Locate the line that contains "Men's Jeans Fully" in the entries below, then repeat it and every following line through the line that contains "Pre Owned Elisabetta", exactly, and no others.
════════════════
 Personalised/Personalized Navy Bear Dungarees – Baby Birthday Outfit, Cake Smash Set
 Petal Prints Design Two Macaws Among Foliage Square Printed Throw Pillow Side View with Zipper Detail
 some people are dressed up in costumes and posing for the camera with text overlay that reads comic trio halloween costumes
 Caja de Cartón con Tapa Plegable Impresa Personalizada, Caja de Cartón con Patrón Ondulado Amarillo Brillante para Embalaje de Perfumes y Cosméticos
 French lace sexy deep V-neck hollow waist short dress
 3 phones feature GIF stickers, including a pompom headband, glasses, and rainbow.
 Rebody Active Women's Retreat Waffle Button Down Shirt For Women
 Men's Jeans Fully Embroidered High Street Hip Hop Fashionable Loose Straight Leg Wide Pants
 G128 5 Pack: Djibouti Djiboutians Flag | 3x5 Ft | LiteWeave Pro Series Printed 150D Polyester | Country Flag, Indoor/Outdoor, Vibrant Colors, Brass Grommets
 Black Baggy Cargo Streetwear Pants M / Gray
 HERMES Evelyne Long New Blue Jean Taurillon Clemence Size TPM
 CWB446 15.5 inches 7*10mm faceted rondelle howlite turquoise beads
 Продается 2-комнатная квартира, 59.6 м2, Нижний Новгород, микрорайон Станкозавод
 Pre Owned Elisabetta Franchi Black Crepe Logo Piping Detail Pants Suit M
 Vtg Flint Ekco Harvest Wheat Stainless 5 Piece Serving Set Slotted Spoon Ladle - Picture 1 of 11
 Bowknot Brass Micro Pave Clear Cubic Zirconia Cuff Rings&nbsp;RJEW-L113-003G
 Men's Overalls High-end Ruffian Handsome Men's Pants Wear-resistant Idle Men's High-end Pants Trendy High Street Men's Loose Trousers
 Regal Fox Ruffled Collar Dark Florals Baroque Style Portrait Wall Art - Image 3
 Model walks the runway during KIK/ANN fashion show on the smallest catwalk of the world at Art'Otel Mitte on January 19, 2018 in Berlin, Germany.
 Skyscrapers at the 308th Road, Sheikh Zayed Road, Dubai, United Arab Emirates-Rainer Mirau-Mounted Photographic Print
════════════════
**ANSWER TO THIS PROBLEM**
 Men's Jeans Fully Embroidered High Street Hip Hop Fashionable Loose Straight Leg Wide Pants
 G128 5 Pack: Djibouti Djiboutians Flag | 3x5 Ft | LiteWeave Pro Series Printed 150D Polyester | Country Flag, Indoor/Outdoor, Vibrant Colors, Brass Grommets
 Black Baggy Cargo Streetwear Pants M / Gray
 HERMES Evelyne Long New Blue Jean Taurillon Clemence Size TPM
 CWB446 15.5 inches 7*10mm faceted rondelle howlite turquoise beads
 Продается 2-комнатная квартира, 59.6 м2, Нижний Новгород, микрорайон Станкозавод
 Pre Owned Elisabetta Franchi Black Crepe Logo Piping Detail Pants Suit M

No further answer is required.